They said this on Monday in random interviews.

Seventy four-year-old Ekisilida Mwase from Sub-Traditional Authority Chisikwa said she was taking care of six grandchildren and her husband.

An elderly person receiving money in Kasungu

“Previously, I was struggling to pay school fund and fees for my grandchildren, but now the situation has improved,” she said.

Mwase said she invested the proceedings from the programme into livestock farming.

Another beneficiary, Dorase Phiri, 70, said she constructed a decent house using the proceeds from the programme.

“I joined a village savings and loans group to save the money.
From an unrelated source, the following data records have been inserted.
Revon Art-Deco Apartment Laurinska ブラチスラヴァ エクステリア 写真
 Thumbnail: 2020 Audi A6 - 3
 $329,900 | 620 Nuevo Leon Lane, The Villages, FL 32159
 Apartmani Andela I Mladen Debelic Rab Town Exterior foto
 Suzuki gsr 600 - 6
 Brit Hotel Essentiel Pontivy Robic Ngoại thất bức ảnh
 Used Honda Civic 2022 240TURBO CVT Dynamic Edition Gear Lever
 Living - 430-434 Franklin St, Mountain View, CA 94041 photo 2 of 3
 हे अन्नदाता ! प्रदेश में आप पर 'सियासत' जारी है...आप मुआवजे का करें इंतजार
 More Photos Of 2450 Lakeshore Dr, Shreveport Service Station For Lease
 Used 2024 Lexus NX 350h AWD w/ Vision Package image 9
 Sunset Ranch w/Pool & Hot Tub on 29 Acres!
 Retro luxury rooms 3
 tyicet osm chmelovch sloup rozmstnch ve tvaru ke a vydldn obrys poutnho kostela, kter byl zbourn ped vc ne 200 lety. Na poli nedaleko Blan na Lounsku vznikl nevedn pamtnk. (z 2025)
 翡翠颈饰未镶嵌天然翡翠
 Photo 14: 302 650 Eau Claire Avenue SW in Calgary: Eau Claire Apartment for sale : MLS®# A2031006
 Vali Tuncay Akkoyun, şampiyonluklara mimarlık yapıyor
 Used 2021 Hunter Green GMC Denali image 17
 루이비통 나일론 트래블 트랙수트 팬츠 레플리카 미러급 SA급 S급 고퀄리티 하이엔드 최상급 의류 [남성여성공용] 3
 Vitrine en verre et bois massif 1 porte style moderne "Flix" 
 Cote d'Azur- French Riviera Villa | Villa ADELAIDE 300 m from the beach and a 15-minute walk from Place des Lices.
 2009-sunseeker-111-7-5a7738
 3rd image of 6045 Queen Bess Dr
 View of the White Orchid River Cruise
After sharing the dividends, I bought iron sheets for my house,” she said.

The area’s Grain House Cluster Social Cash Transfer Programme Committee secretary Christopher Banda said the programme has supported most elderly-headed families.

“The elderly can buy cheap farm inputs under Affordable Inputs Programme.

“As a result, their families are food-secure.”

Kasungu district social welfare officer Raphael Chitete said the programme has helped the elderly to get basic needs.

“The programme has proved helpful to some elderly people with disabilities,” he said.

Chitete said the programme is targeting 16 946 beneficiaries in the district.

The Social Cash Transfer Programme is an intervention which provides cash transfers to 10 percent of ultra-poor and labour-constrained households, including extra money for households with school-going children in a district.

With funding from the World Bank, the programme is implemented by the Ministry of Gender, Community Development and Social Welfare in the district.